# Walmart and their future vehicle



## NaeKid (Oct 17, 2008)

Walmart is working towards a whole new level of transport vehicles ...






What do you think?


----------



## Cotton (Oct 12, 2013)

May the force be with them? :nuts:


----------



## Sentry18 (Aug 5, 2012)

I'm all for Walmart coming up with a better vehicle, they haul a lot of stuff on the roadways and create the need for a lot of road repair. Plus at least it seems like they're doing something, unlike the US government. Since semi-abandoning the train system and going to tractors and trailers has there really been any improvement? Just like with cars there's really no profit margin in making them more efficient.


----------



## NaeKid (Oct 17, 2008)

I like the fact that Walmart is actively deciding to do something different, and, it could create a whole new level of industry here in North America - parts-n-supplies for a new truck will revamp so many aging designs.

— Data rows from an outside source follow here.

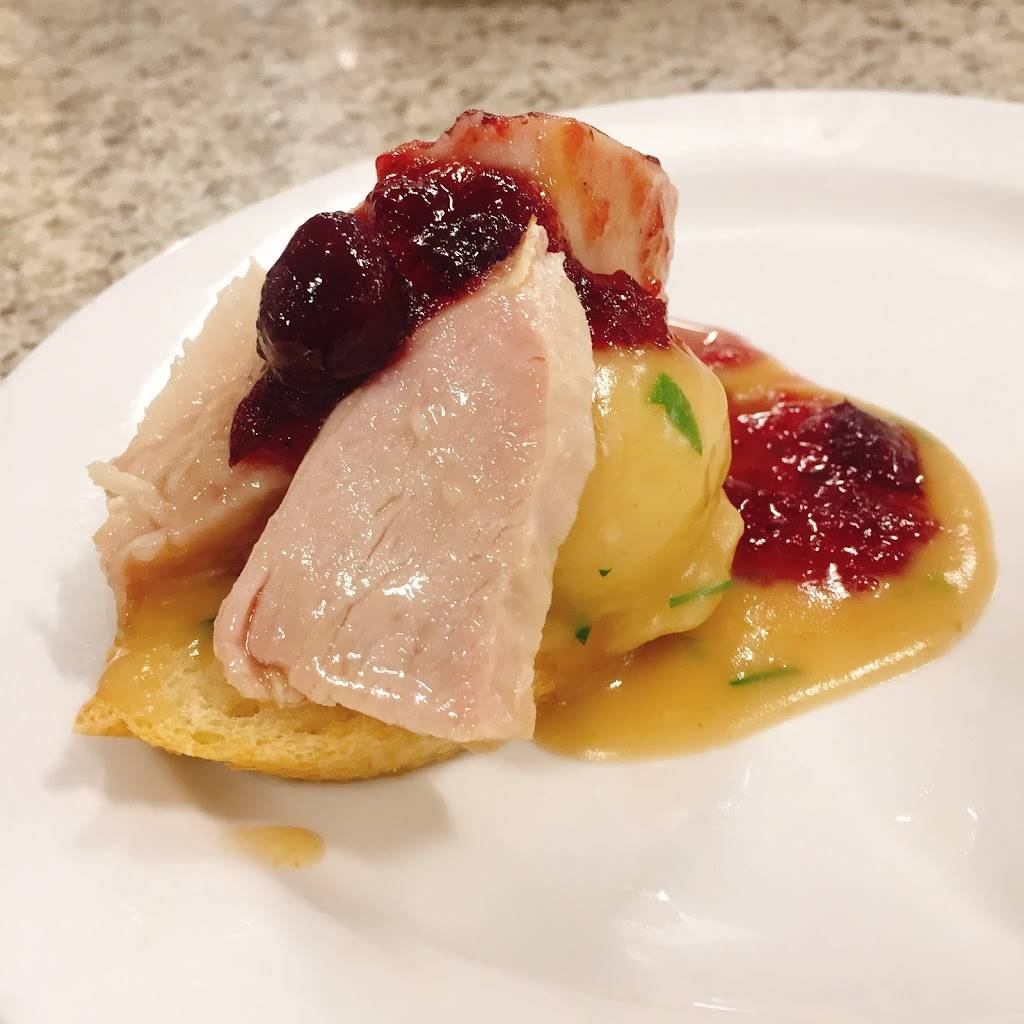 De Neve Commons Residential Restaurant | restaurant | 351 Charles E Young Drive West, Los Angeles, CA 90024, USA | 3102068654 OR +1 310-206-8654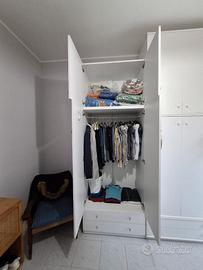 Armadio da cameretta bianco con cassetti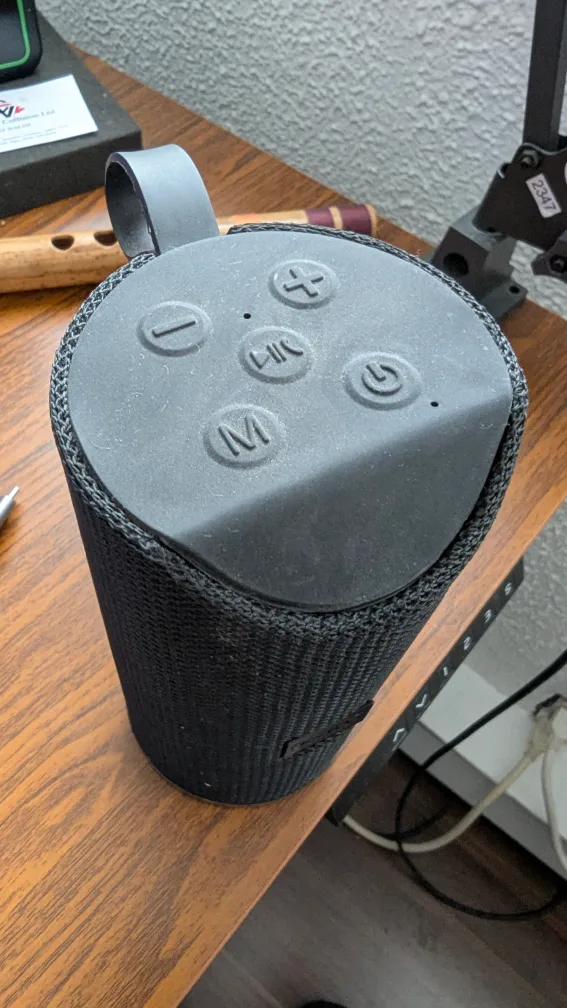 Tech1 Rage Portable Speaker thumbnail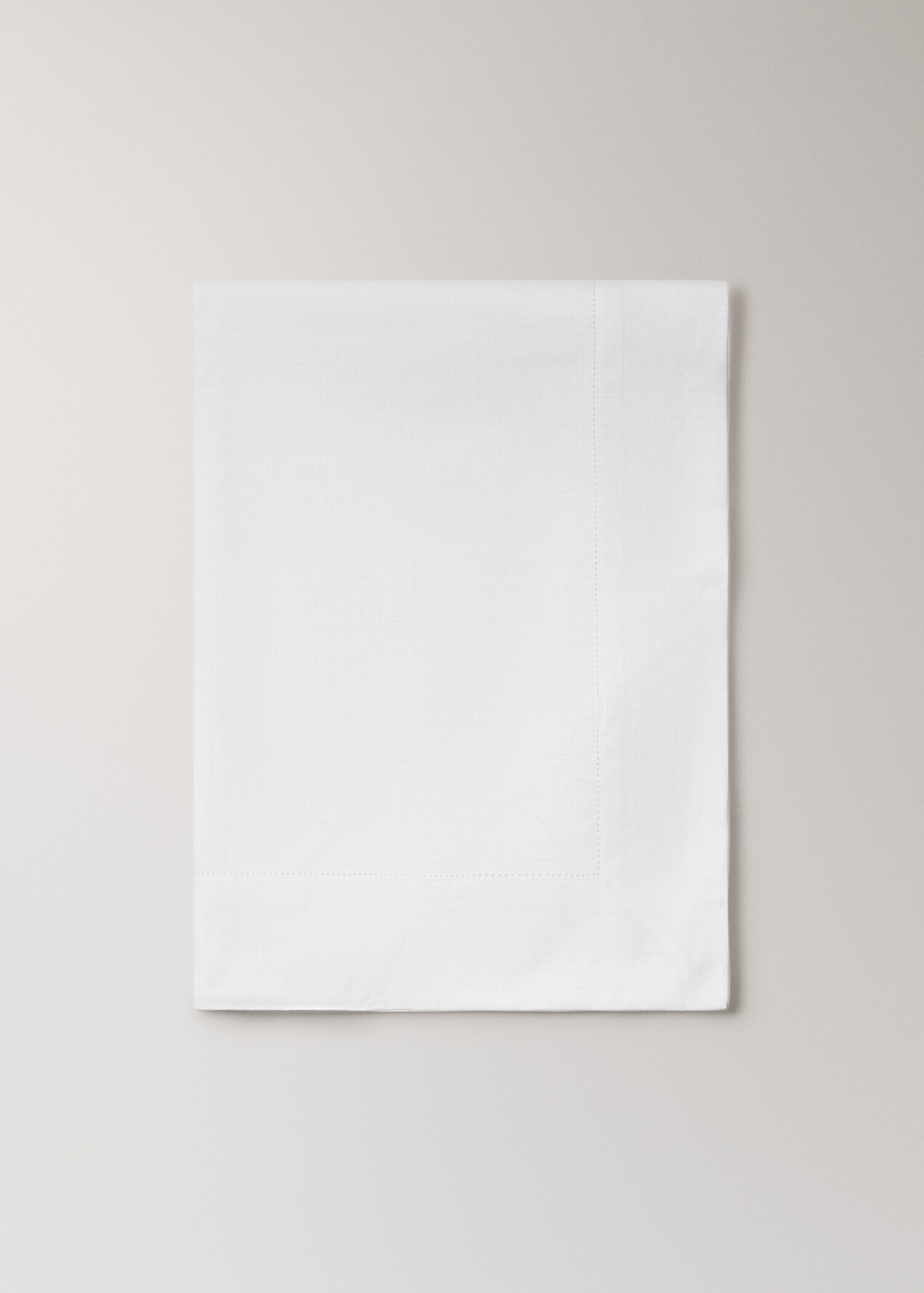 Round cotton tablecloth with hemstitch detail - Article without model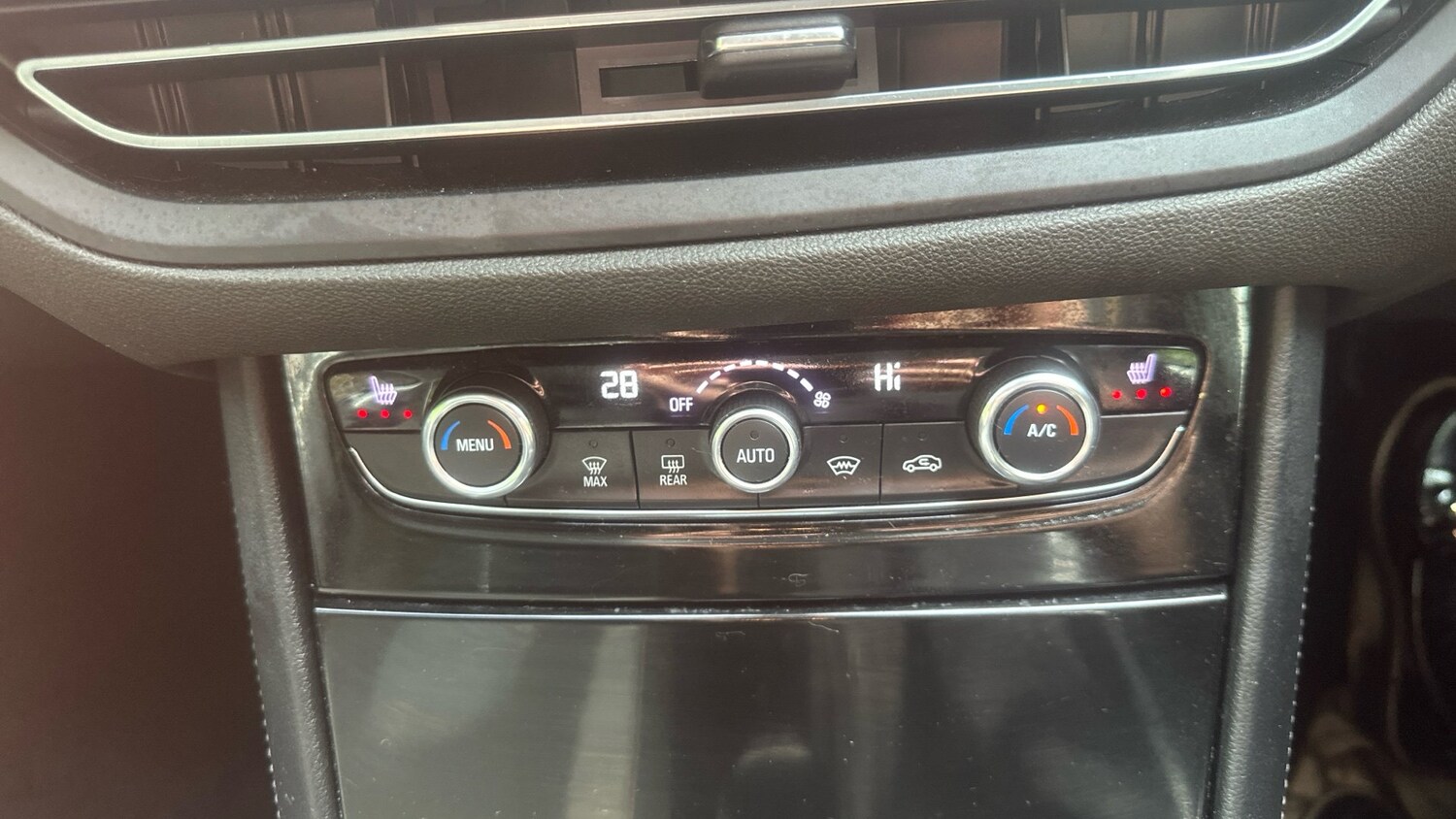 Used Vauxhall Grandland 2022 for sale - 76694197: Photo 38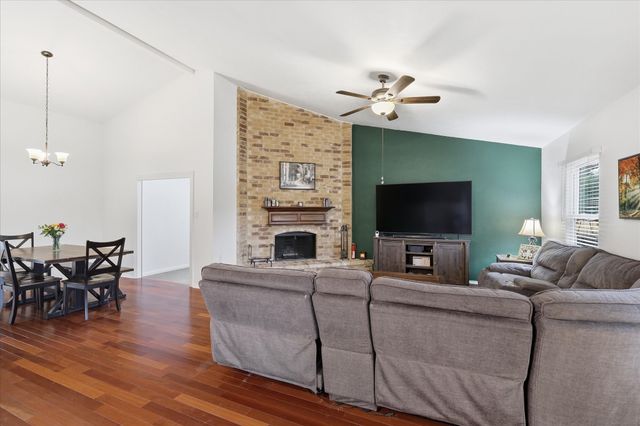 4249 Fryer Street, The Colony, TX 75056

I love the fact that they are using a micro-sized turbine motor as an electrical generator and then running massive amounts of torque to the wheels directly via electrical connections. Think of it as being designed on the traditional locomotive - where their diesel motors are nothing more than massive electrical generators driving the wheels directly ... maybe the rail-system could become more efficient as well by moving to the turbines ... 


I am liking these ideas presented!


----------



## VoorTrekker (Oct 7, 2012)

The center console steering will take some getting used to. As far as the customizing the gauges, well, okay.
Sliding tractor cab door? Finally someone listened to a driver.

Lighter and stronger material has been elusive for the last 50 years. Now that someone can make it with carbon fiber is a real genius achievement!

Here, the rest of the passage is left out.